Así pues, la directora
andaluza Chus Gutiérrez acierta de pleno en alejar al espectador de las causas de la acción (el problema
económico, social y politico de los países del Magreb y de África en general) y
presentarle sólo las consecuencias,
de una manera quizá más desapasionada pero desde luego mucho más cruda. Gutiérrez,
que empezó su carrera en la comedia con films como Insomnio (1998), demuestra que se encuentra más cómoda en el drama
que juega a veces a ser documental. Además, regresa a un terreno más que
conocido, ya que el tema de la inmigración en Andalucía ya era el leitmotiv de Poniente (2002), aunque aquella se
centraba más en el asunto del racismo y la integración de los sinpapeles. Esta vez lo más destacado es
conocer la vida de los inmigrantes cuando no lo son, es decir, en sus países de
origen, y de cómo una vida sin aspiraciones ni futuro les lleva a buscar su
destino cruzando el mar y arriesgando sus propias vidas. Todo ello lo vemos
desde el punto de vista de un europeo, Martín, del que vemos su evolución
durante el metraje. Si al principio sólo está preocupado por cobrar el dinero
por su servicio de repatriar el cadáver, poco a poco va siendo consciente de
que hay cosas mucho más importantes que eso, y que los 3.000 euros que vale su
trabajo no son nada comparados con una vida humana.
Retorno
a Hansala (por cierto
premiada por el jurado en el Festival de Valladolid 2008 y con tres
nominaciones a los Goya) gana enteros cuando la acción llega a Marruecos,
momento en que la película se convierte en una mezcla de road movie (con asaltadores de caminos incluidos) y de
semidocumental costumbrista al estilo de la Trilogía de Koker de Abbas
Kiarostami.
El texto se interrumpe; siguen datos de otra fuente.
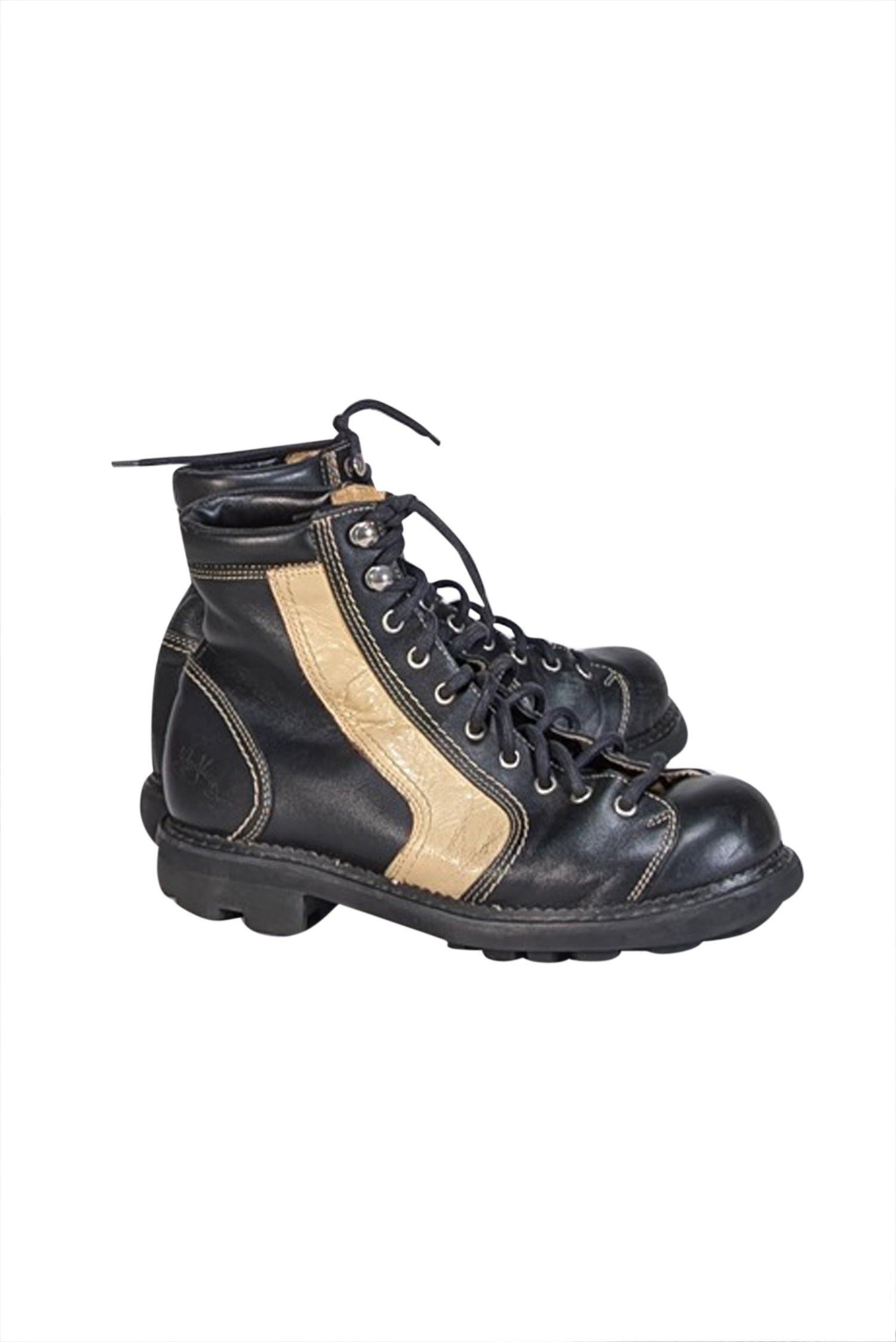John Fluevog Black Leather Lace-Up Short Boots - Size 9: A Stylish Rebellion!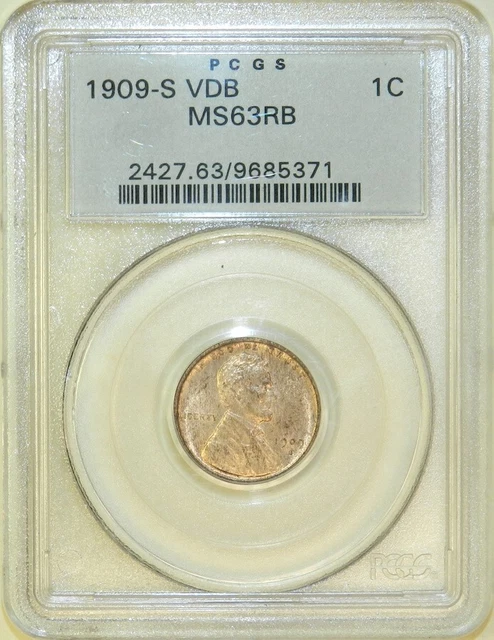 1909 S VDB Lincoln Cent MS63 RB PCGS BU Unc Wheat Penny - NGC Registry [319]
Precisamente la figura del director iraní sobrevuela esa parte de
la película, en aspectos como la
filmación con cámara al hombro, el uso dramático de los colores, la escasez de
diálogos o la profusión de situaciones tan cotidianas que dificilmente tendrían
cabida en otro tipo de cine.
En
definitiva, estamos ante una película que plantea una seria reflexión social,
cuya conclusión dicta que sólo mediante la convivencia con otras culturas es
posible el entendimiento mutuo, y más en estos momentos en los que la crisis
económica global acentúa las diferencias económicas y crea el riesgo de un
retorno a la peor xenofobia de antaño. Pero lo hace de una manera sutil y
elegante, a través de una historia que en principio puede parecer nimia pero
que resume todas las grandezas y miserias del ser humano. Una película que, sin
dejar de ser distante, consigue sumergir al espectador en la dimensión correcta
para darse cuenta de que existe un problema más allá de sus narices. No siempre
el cine “social” es sinónimo de cine de calidad, pero a veces (y por fortuna
esta es una de ellas) hay excepciones a la regla.
Me resulta interesante y pertinente lo dicho. Protagonistas, los muertos.